Am stärksten beeindrucken die großformatigen expressionistischen Stadtvisionen des Architekten Max Gerntke (1895–1964) aus den frühen 20er Jahren, der mit seinem Partner Heinrich Esselmann bis in die 30er Jahre ein erfolgreiches Architekturbüro führte. In den ärmlichen Jahren direkt nach dem Ersten Weltkrieg, aber offenbar auch seine Alltagsarbeit als Architekt begleitend, bewahrte sich Gerntke die Kraft für visionäre Entwürfe, die er in – nicht realisierten, aber sehr konkret gefassten – Vorstellungen einer mondänen Großstadt noch 1928/1930 so ernsthaft präsentierte, dass sie als direkt baubar erschienen.
Von idealen Vorstellungen einer ausdrucksvolleren Stadt künden auch die Arbeiten des Grafikers und Bühnenbildners Karl Gröning. Die Mappe „Aufbau“ belegt seinen Formwillen für ein neues Erscheinungsbild des Hamburger Hafens. Gröning entwarf Speicher und Schwimmdocks, wie sie auch in Filmen von Paul Wegener oder Fritz Lang hätten vorkommen können. Ähnlich expressiv stellt sich Rolf Nesch die Brücken seiner Heimatstadt vor, während Paul Helmsʼ Holzschnitte das Leben im damals neuen Haus der konservativen Berufsorganisation des Deutschnationalen Handlungsgehilfen-Verbands visualisieren, das die Architekten Ferdinand Sckopp und Wilhelm Vortmann 1919–21 errichteten.

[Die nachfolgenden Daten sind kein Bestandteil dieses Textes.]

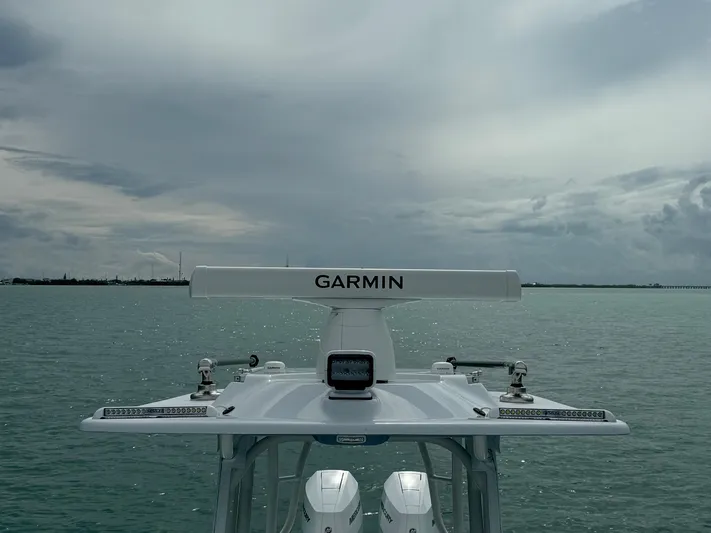  Yacht Photos Pics 2025 Yellowfin 32 boat with Garmin radar on open water.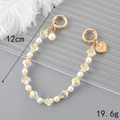 Baroque pearl phone lanyard with clover beads and heart-shaped 'To you' gold charm - Crystal Clover Handheld Chain (K3260)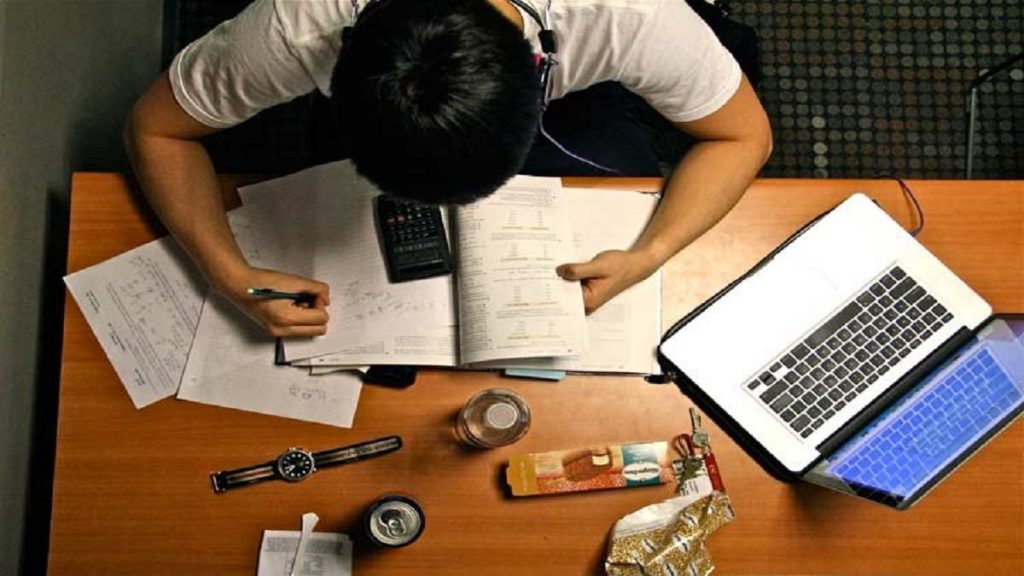 Uma foto vista por cima, no qual tem um homem estudando em uma mesa, a sua frente tem objetos para o estudo e ao lado um notebook. Estaudando para concursos públicos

Die Zeichnungen, Gouachen, Lithografien, Metalldrucke, Holz- und Scherenschnitte ergänzen bzw. korrigieren das gängige Bild von den Vorstellungen, die Hamburger Künstler und Architekten jener Zeit von ihrer Stadt entwickelten, ganz wesentlich. Zu dem Bemühen um eine zurückhaltende, bedachte, um eine moderate Erneuerung von Architektur und Stadtbild gehörte eben wohl auch ein erhebliches Maß an visionärer Kraft. Die ist in der kleinen Ausstellung gut spürbar. Man vermisst: einen Katalog.